The growth in EPRA adjusted, diluted NAV per share plus dividends per share paid during the period.

Total shareholder return

The increase in the price of an ordinary share plus dividends paid during the period assuming re-investment in ordinary shares.

Underlying earnings

Profit for the period excluding impairment charges, net valuation gains/losses (including profits/losses on disposals), net refinancing charges and costs of termination of derivative financial instruments.

Weighted average unexpired lease term

The unexpired lease term to lease expiry weighted by ERV for each lease.

Zone A

A means of analysing and comparing the rental value of retail space by dividing it in to zones parallel with the main frontage. The most valuable zone, Zone A, falls within a 6m depth of the shop frontage. Each successive zone is valued at half the rate of the zone in front of it. The blend is referred to as being 'ITZA' ('In Terms of Zone A').

NOTES TO EDITORS

Capital & Counties Properties PLC is one of the largest listed property investment and development companies in central London. Our landmark estates held directly or through shared investment vehicles are valued at £2.6 billion.

Covent Garden

The Covent Garden estate represents 52 per cent of Capco's property portfolio and showcases its place-making strategy, which is realised through creative asset management, acquisitions, investment, strategic development and creative marketing.

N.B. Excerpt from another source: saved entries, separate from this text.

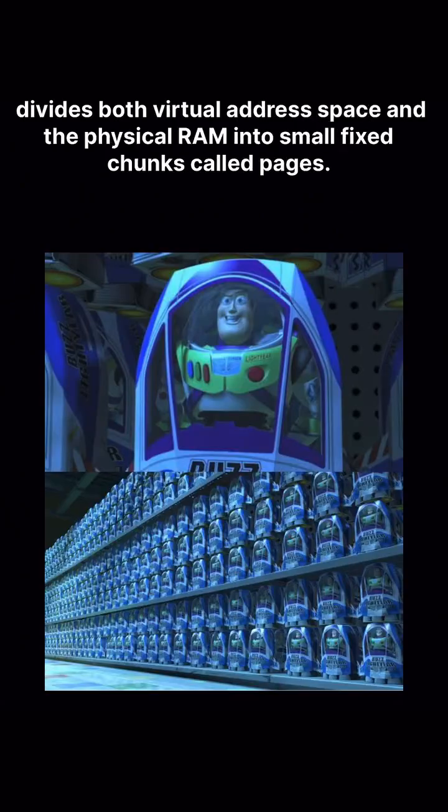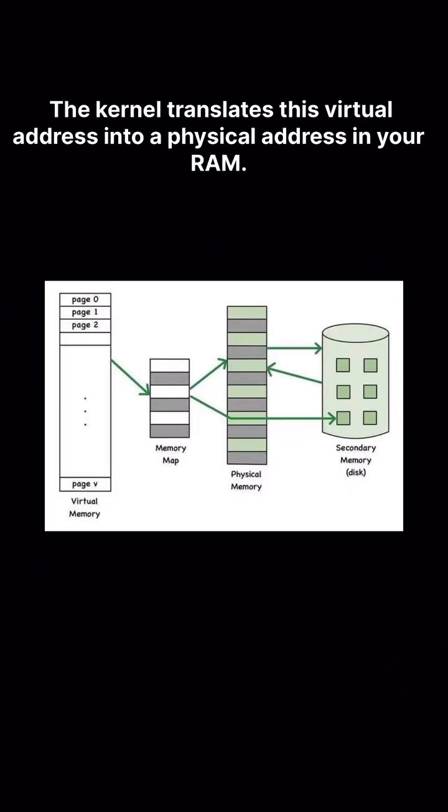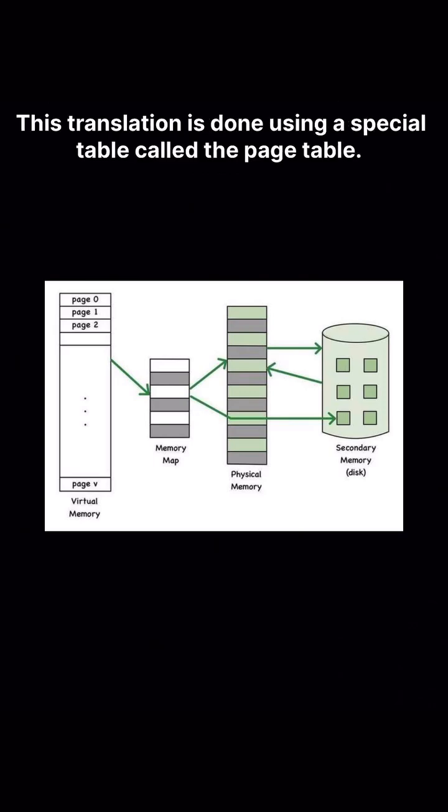It divides both virtual address space and the physical RAM into small fixed chunks called pages. Typically, these are 4 kilobytes in size. When a program tries to access a piece of memory, it uses a virtual address. The kernel translates this virtual address into a physical address in your RAM. This translation is done using a special table called the page table.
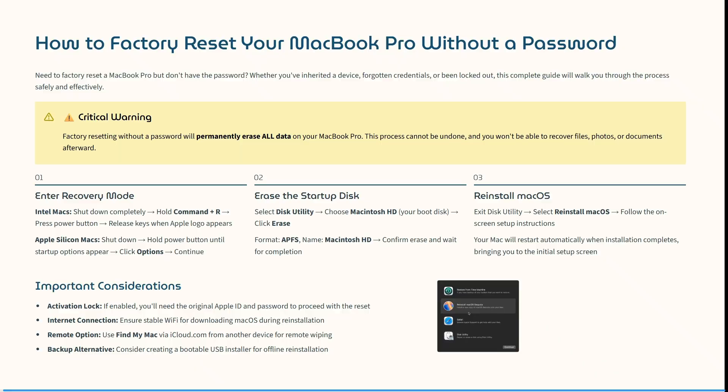Welcome to the channel. Today I'm going to help you through the process of resetting your MacBook Pro without having to use your password. We are resetting a MacBook without a password.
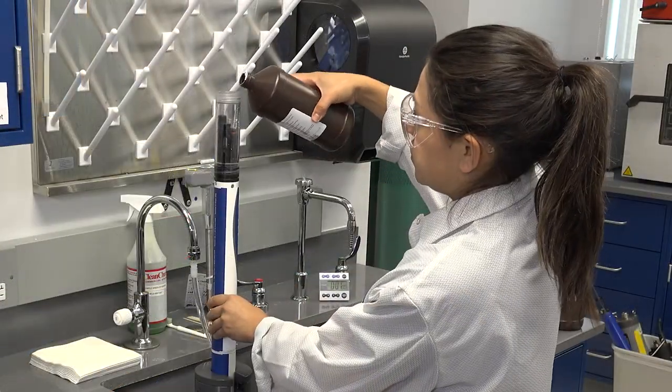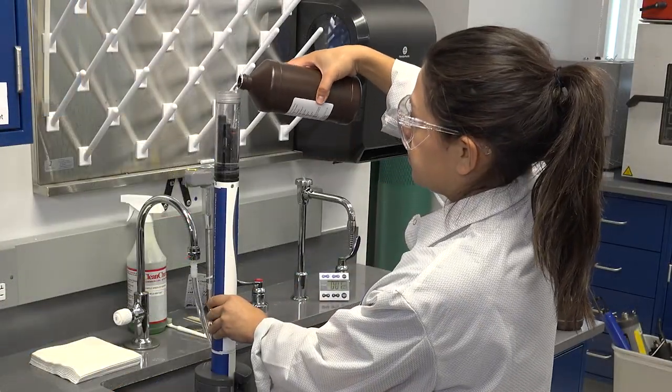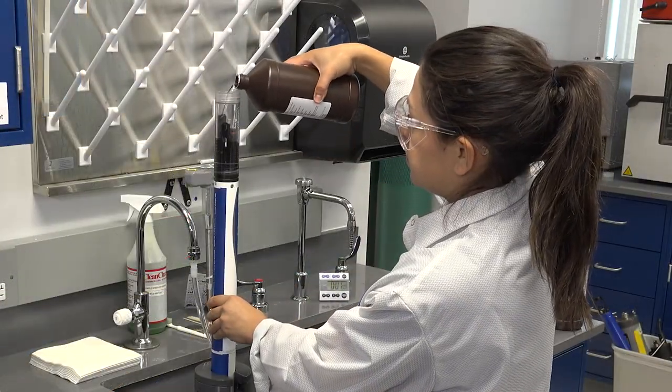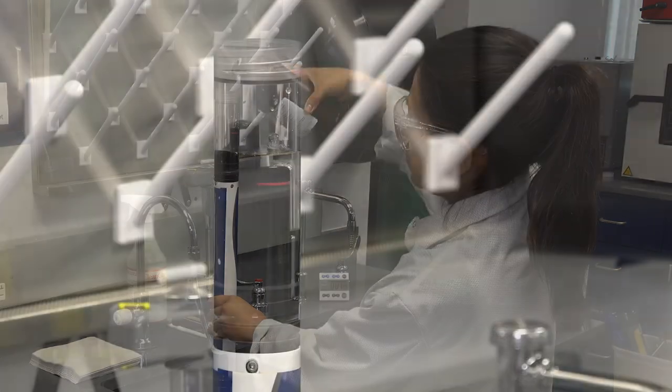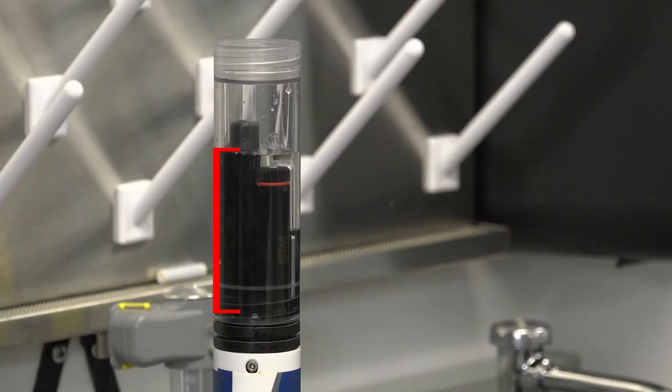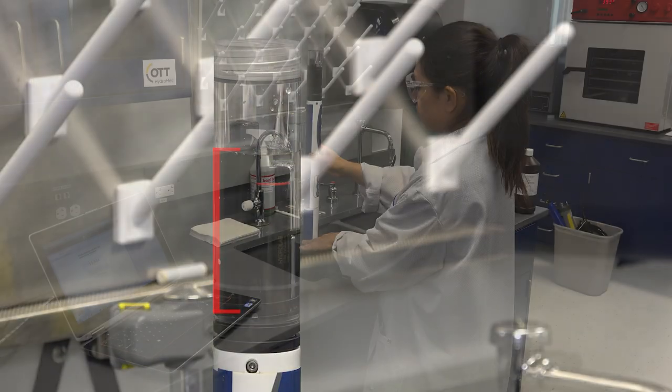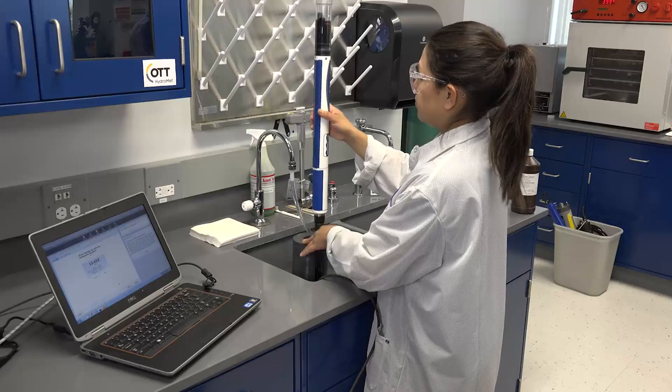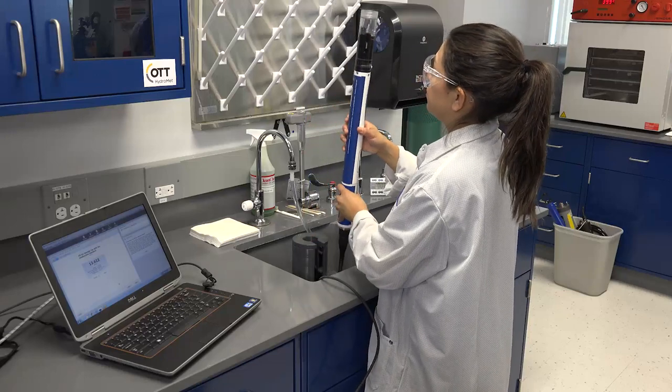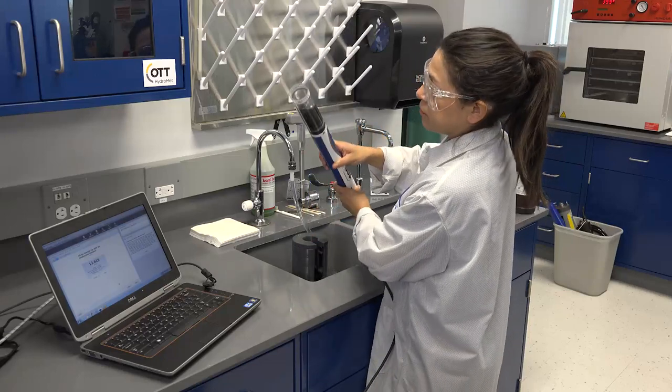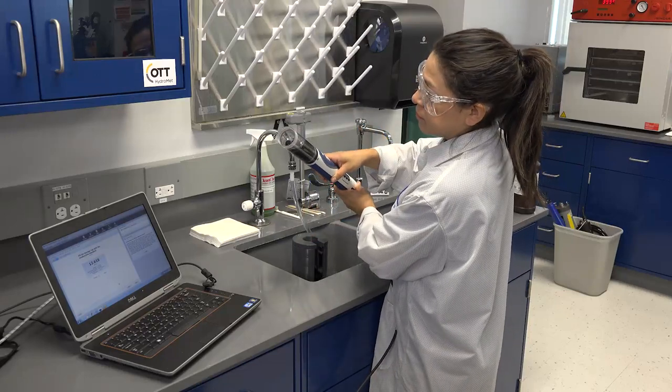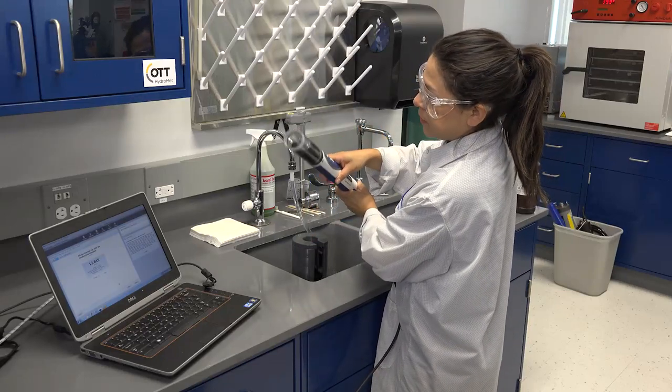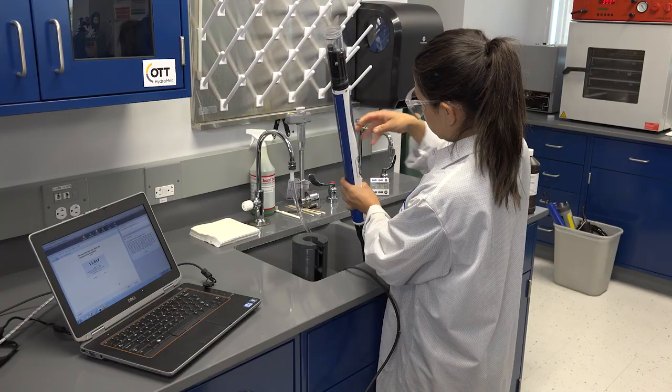Fill the storage cup up with conductivity standard, making sure that the oval hole in the conductivity sensor and the temperature sensor are completely submerged in standard. Be sure to check that there are no bubbles inside the conductivity cell, as these will interfere with the measurement.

Earls Court Properties & Venues

Earls Court Properties & Venues represents 48 per cent of Capco's property portfolio. Capco's strategy is to maintain a robust exhibitions business at Olympia London whilst unlocking value from its Earls Court interests now that the Mayor of London has endorsed the proposals and the local authorities have granted outline planning consent for the Earls Court Masterplan, Sir Terry Farrell's vision to create 'Four Urban Villages and a 21st Century High Street'.

The Lillie Square project is a joint venture between Capco and KFI to take forward the development of the site. It has planning consent for a residential-led scheme including 808 new homes and a new garden square.

 

This announcement includes statements that are forward-looking in nature. Forward-looking statements involve known and unknown risks, uncertainties and other factors which may cause the actual results, performance or achievements of Capital & Counties Properties PLC to be materially different from any future results, performance or achievements expressed or implied by such forward-looking statements. Any information contained in this announcement on the price at which shares or other securities in Capital & Counties Properties PLC have been bought or sold in the past, or on the yield on such shares or other securities, should not be relied upon as a guide to future performance.